Work instructions: Leave every picture out and return the rest of the listing verbatim.

Recorded data:

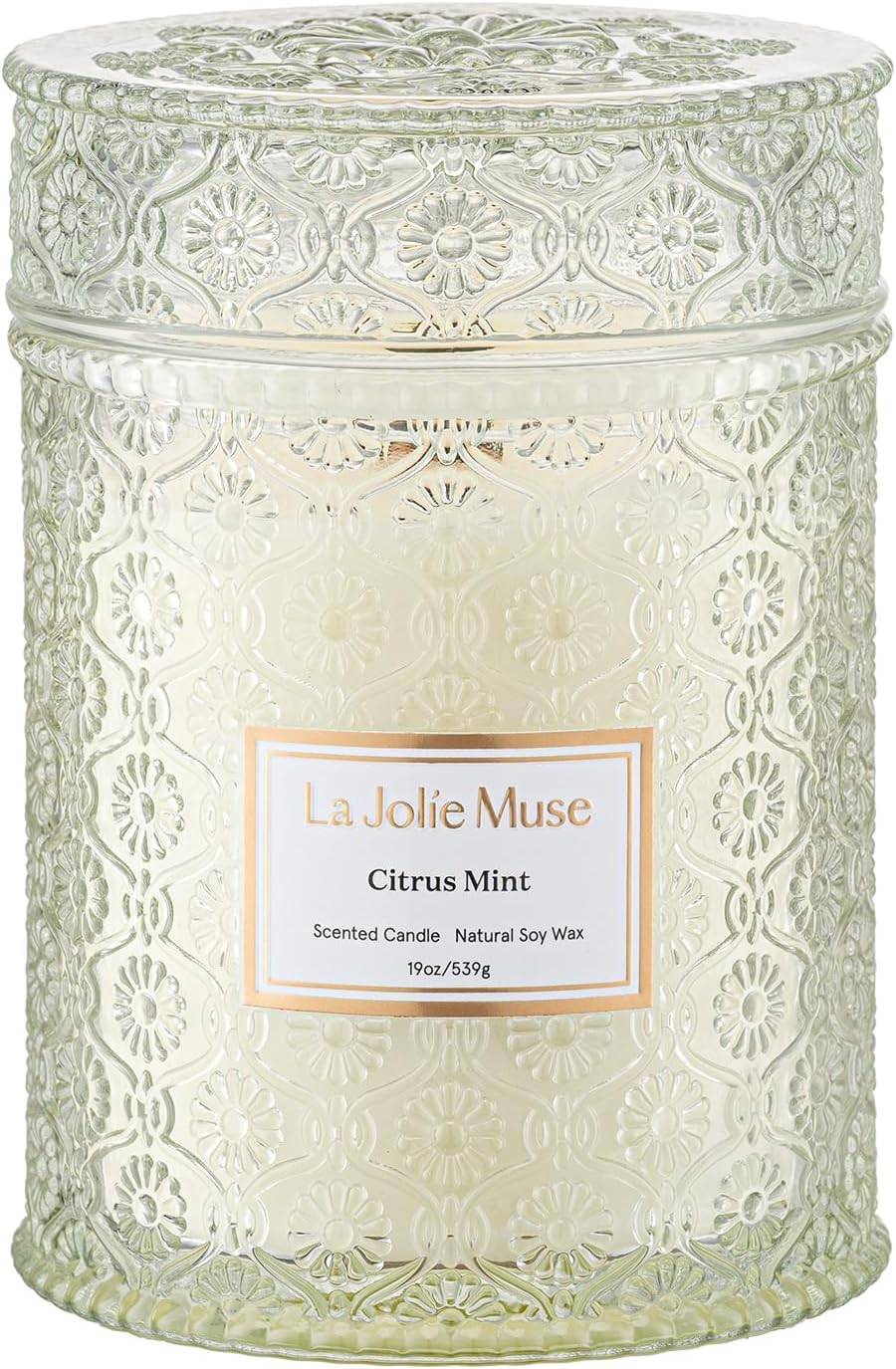 LA JOLIE MUSE Citrus Mint Candle - Bergamot, Yuzu, Mint | 19 oz Large Wooden Wick Candle | Natural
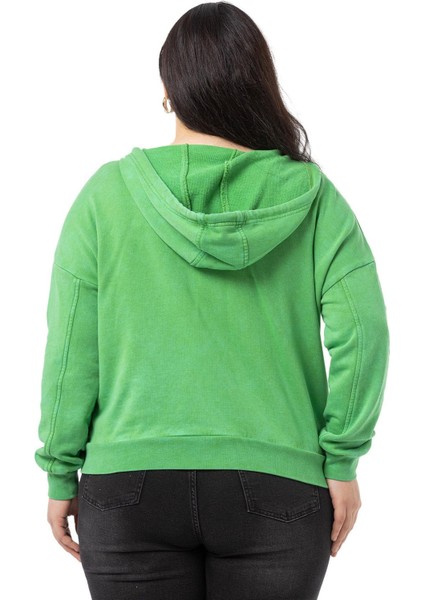 Büyük Beden Degaje Kapüşonlu Yaka Cepli Parça Boyalı Üç Iplik Yeşil Sweatshirt modelleri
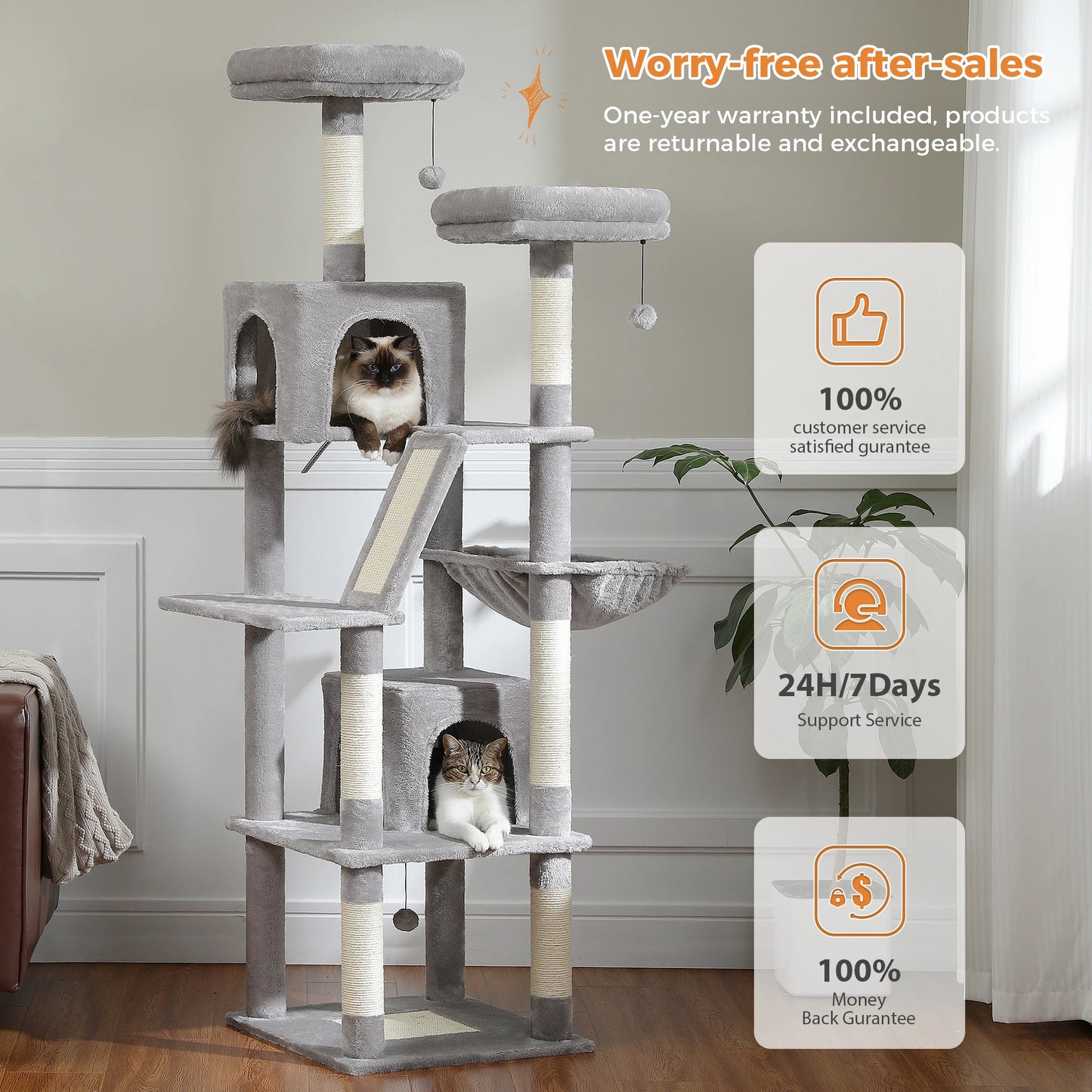 Large Cat Tree Tall Cat Tower for Indoor Cats Multi-Level Plush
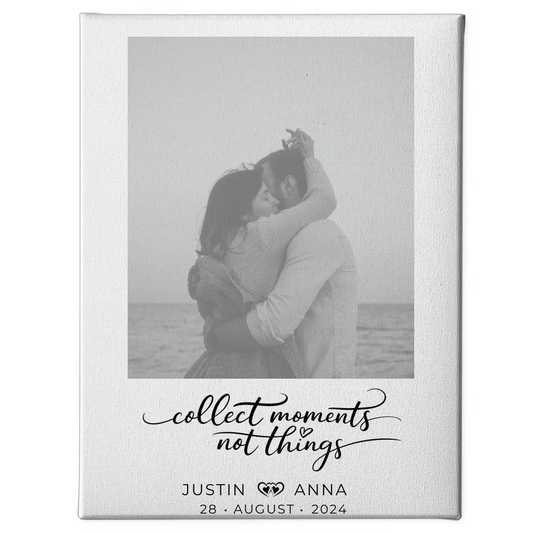 Personalisiertes Foto Leinwand für Paare mit Namen und Datum Collect Moments 1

Completed exercise:
 LA JOLIE MUSE Citrus Mint Candle - Bergamot, Yuzu, Mint | 19 oz Large Wooden Wick Candle | Natural
 Büyük Beden Degaje Kapüşonlu Yaka Cepli Parça Boyalı Üç Iplik Yeşil Sweatshirt modelleri
 Large Cat Tree Tall Cat Tower for Indoor Cats Multi-Level Plush
 Personalisiertes Foto Leinwand für Paare mit Namen und Datum Collect Moments 1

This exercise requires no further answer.